I can reproduce the problem.

Reason: Autodetection of file encoding.

Your file is encoded in standard 8-bit code table, namely Windows-1252 (as indicated in your comment below the question), one of ANSI 8-bit encodings, which has 256 possible characters. But it looks like the Notepad++ is interpreting the file containing em-dashes as if it was in Shift-JIS encoding. (This encoding can be seen on status bar near bottom right corner of Notepad++ main window when the issue occurs.) Therefore, Notepad++ interprets characters with ASCII value greater than 127 found in the file as Japanese characters.

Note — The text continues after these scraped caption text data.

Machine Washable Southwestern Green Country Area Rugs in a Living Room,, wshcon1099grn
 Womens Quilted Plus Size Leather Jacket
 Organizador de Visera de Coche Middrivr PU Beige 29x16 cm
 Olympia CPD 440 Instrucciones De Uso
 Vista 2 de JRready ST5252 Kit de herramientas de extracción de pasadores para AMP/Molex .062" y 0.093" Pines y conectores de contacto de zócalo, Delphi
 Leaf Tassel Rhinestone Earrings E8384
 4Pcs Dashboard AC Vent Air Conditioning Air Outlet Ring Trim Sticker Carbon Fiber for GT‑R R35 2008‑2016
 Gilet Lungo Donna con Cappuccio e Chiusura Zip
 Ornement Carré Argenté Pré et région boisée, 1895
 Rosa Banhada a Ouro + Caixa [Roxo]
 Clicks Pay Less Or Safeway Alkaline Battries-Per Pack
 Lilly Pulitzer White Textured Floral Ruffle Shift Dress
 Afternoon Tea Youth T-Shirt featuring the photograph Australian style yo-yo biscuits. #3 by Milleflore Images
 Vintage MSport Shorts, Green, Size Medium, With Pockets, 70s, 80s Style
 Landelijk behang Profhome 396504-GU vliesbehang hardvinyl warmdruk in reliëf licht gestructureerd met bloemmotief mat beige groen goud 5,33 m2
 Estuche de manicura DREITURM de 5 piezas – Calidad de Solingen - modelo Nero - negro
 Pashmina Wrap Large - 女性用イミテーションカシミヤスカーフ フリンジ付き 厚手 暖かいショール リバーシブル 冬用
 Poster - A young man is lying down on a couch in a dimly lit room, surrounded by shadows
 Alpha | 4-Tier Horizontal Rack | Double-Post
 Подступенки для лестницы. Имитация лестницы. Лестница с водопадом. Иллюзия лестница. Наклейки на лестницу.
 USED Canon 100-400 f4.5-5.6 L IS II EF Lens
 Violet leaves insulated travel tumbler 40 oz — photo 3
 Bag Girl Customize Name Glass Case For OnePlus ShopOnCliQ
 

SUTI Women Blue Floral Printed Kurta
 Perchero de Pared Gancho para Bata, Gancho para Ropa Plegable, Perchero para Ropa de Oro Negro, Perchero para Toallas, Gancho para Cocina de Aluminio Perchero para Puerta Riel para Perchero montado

Solution: Change encoding of your file to UTF-8 (or another suitable encoding).

  1. Open your file.
  2. Using menu Encoding > Character set > Western European > Windows-1252 switch to the right encoding, where characters appear as expected.
  3. Using menu Encoding > Convert to UTF-8. Status bar indicator near bottom right corner now shows UTF-8-BOM.
  4. Save your file.

Maybe you can object you do not want UTF-8, but you did not indicate that limitation in the question and generally, there is no reason not to use it. It will keep all the characters stable, without appearence issues you encountered. The limitation can be processing in older applications/tools. Then you need to stick with ANSI encoding they require.

Additional information:

UTF-8 is fully supported by Notepad which comes with Windows, so you are not going to get troubles here. However, I recommend using UTF-8 files with BOM. UTF-8 without BOM works, too, but when the mark is missing, editors rely on format auto-detection and as you can see, it can sometimes go wrong. I have seen that some older programs complained about BOM marker like "Invalid characters at start of the file." and then I converted my file into UTF-8 without BOM.

Unicode standard supports more than 256 code points: the total supported number is 1,114,112. According to Wikipedia, this space is currently used by 136,755 characters covering 139 modern and historic scripts, as well as multiple symbol sets. The rest is reserve for future use. As you can see, Unicode is the encoding covering most of world's commonly used characters so you should never fall into code page issues again. You do not need to stick with UTF-8, Unicode can be also represented as UTF-16, UTF-32 or in several more exotic representations (UTF-7, UTF-1 and others) or in non-transitional forms like UCS-4. Of them, UTF-8 is most commonly supported so I recommend this one. Without using characters above code point 127 it is compatible with ASCII (except of the BOM mark, which is visible in ASCII as few garbage characters at the start of the file).

If any program needs a code page from you, select code page 65001 for UTF-8.

If you want to explore all characters of the Unicode, including searching or filtering by their name or other properties or identifying unknown characters, use for example BabelMap.

miroxlav

Posted 2017-07-01T02:45:26.813

Reputation: 9 376